┌─ Dataset extract

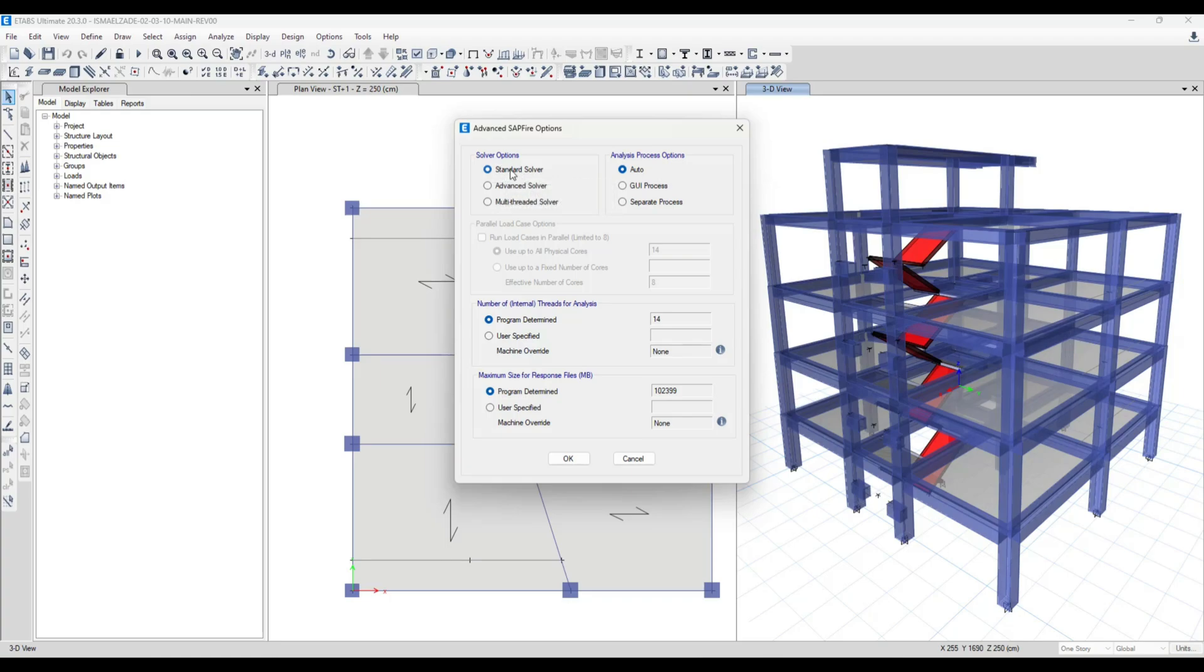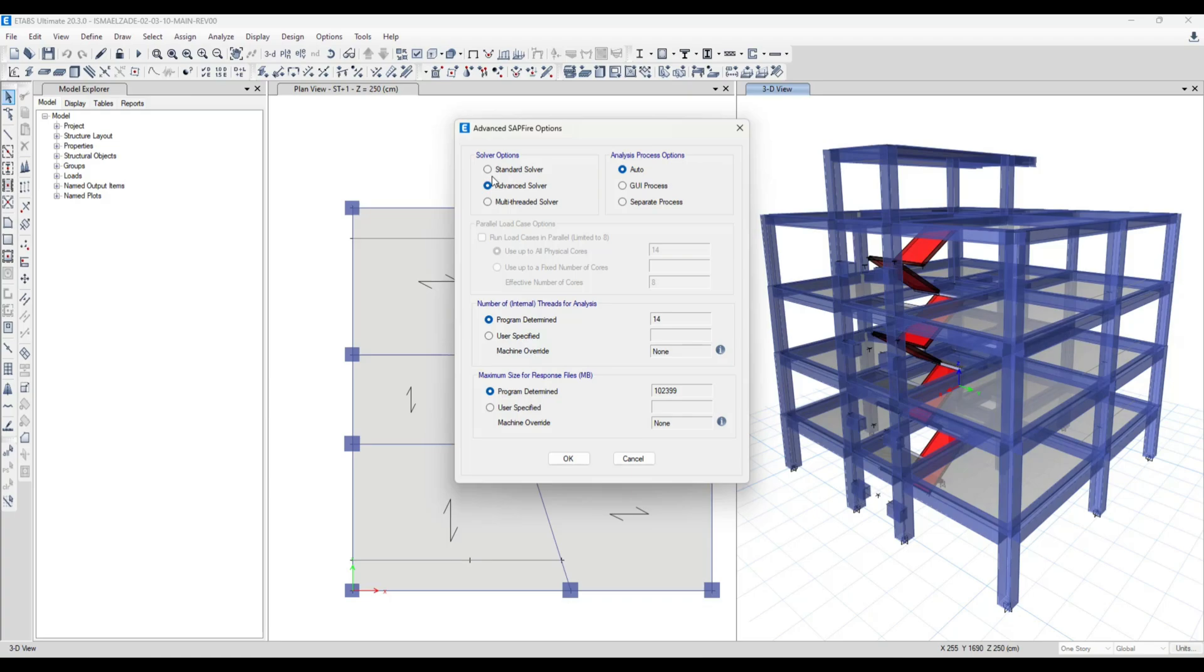The second one is Advanced Solver. For buildings that have about eight or nine stories, I suggest this solver. It has less precision but more speed than Standard Solver.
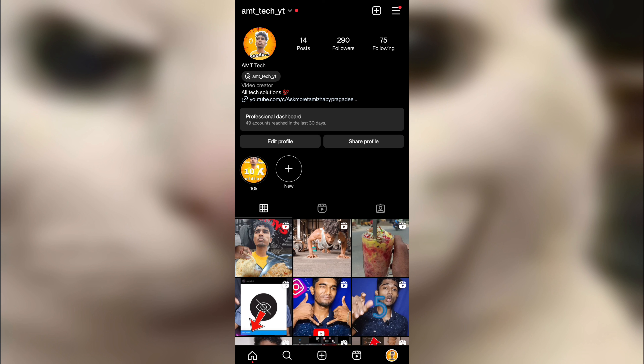If you want to tag a friend in a comment or post, if you want to see the post or the comment, you can save it. If you want to see it, you can answer that. The third one is an Archive story.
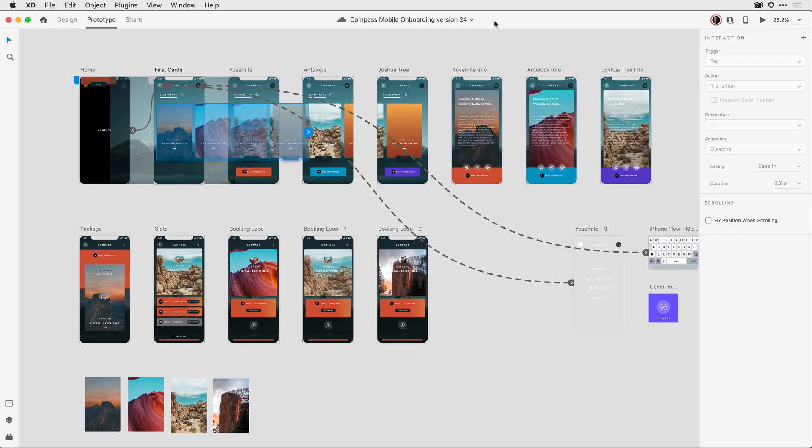Well that's about it. Pretty exciting stuff, huh? Be sure to keep your ear to the ground to learn more about this and all the other really exciting features we have for Adobe XD.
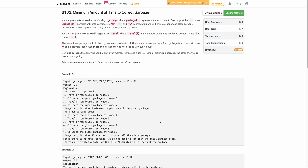Hello everyone. Welcome back to the channel. In this video we will be discussing the third problem of today's weekly contest: Minimum Amount of Time to Collect Garbage.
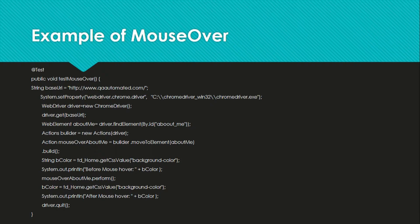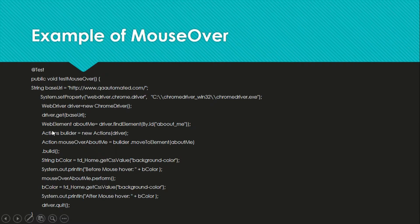Now we'll see an example of mouse over. It's a simple example using my blog link. If you go there, there is a menu bar that has a mouse over effect — if you mouse over any menu item it changes its background color. We are testing whether it changes the background color or not. In the test case we are opening the URL in ChromeDriver, then we are using the action builder. Actions is a class and builder is an object of the Actions class, which has all the APIs we've seen.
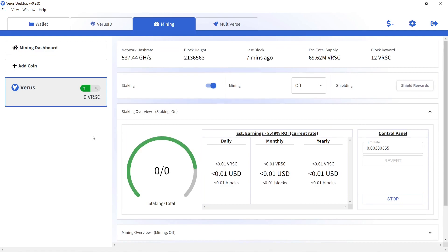In my next video, I will show you how to back up and import your wallet in Verus desktop app using Windows 11. If you liked this video, hit the like button and subscribe button. See you next time!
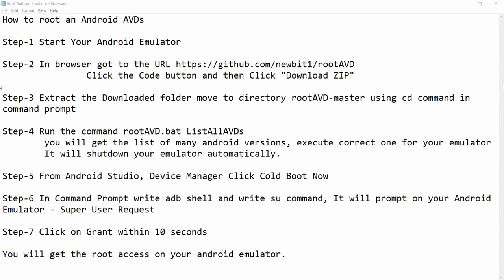Hello all, welcome to my channel. In this video I will show you how to root an Android AVD. I will show you how to root the Android emulator with API 30.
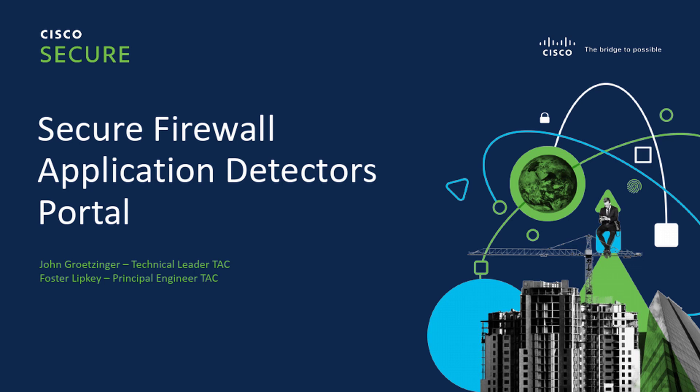Hi, my name is John Göttingen. And I'm Foster Lipke. We're here today to talk to you about the Cisco Secure Firewall Application Detector Portal at appid.cisco.com. Before we dive into the portal, first we need to understand what exactly Application Identification, or App ID, is.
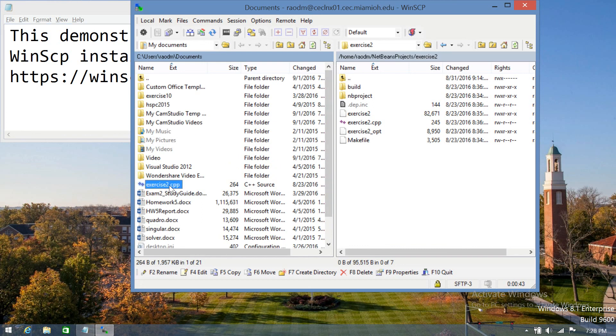So here is the file that just got copied. And that's the way you copy files from a Linux computer to a Windows computer.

└─

Your answer must be exactly the lines from the one containing "In my next video, I" through the last line of the records above, both included, with every picture left out.

Exercise output>
In my next video, I will show you how to back up and import your wallet in Verus desktop app using Windows 11. If you liked this video, hit the like button and subscribe button. See you next time!
Hello all, welcome to my channel. In this video I will show you how to root an Android AVD. I will show you how to root the Android emulator with API 30.
Hi, my name is John Göttingen. And I'm Foster Lipke. We're here today to talk to you about the Cisco Secure Firewall Application Detector Portal at appid.cisco.com. Before we dive into the portal, first we need to understand what exactly Application Identification, or App ID, is.
So here is the file that just got copied. And that's the way you copy files from a Linux computer to a Windows computer.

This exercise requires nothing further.